(Crawled caption data)
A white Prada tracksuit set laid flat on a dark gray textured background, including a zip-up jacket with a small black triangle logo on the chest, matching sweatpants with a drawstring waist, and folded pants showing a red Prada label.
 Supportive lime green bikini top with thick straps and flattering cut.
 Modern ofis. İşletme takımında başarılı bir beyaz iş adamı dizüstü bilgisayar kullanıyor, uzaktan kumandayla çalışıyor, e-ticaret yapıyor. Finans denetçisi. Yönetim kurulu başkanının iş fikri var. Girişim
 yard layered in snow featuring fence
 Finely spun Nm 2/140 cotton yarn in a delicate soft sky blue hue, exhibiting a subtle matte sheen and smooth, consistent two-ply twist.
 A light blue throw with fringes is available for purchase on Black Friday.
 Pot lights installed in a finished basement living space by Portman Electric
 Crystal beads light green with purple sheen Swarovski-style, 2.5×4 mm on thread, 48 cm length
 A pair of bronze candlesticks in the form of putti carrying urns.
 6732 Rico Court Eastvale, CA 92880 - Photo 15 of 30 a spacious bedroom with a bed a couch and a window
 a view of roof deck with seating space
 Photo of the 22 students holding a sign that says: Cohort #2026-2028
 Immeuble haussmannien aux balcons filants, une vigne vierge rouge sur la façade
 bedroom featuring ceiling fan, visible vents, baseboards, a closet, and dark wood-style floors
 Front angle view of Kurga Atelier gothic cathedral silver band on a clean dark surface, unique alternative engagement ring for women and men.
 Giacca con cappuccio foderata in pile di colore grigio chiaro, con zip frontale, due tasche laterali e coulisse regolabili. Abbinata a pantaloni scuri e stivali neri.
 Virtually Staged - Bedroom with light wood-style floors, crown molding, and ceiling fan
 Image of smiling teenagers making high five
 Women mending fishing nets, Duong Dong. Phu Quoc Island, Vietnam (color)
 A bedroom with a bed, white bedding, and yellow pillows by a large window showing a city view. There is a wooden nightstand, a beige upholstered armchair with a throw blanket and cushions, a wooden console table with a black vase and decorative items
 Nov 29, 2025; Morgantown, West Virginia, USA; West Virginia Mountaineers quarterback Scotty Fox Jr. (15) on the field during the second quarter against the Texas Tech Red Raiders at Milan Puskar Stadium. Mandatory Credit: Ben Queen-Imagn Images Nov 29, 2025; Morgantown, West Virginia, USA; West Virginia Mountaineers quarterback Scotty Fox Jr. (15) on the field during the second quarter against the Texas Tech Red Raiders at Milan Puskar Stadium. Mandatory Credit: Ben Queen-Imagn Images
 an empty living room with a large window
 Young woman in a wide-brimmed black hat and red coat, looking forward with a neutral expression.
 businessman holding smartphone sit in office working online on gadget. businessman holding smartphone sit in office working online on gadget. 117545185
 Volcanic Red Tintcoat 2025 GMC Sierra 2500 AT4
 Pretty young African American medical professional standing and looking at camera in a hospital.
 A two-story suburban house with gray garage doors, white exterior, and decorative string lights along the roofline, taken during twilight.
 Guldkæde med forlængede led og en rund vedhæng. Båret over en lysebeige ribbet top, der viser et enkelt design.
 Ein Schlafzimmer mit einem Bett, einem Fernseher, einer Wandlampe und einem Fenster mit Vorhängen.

> AIM OF THE EXERCISE
State the number of lines in the records that include the string "living", without any other words.

> EXERCISE OUTPUT
2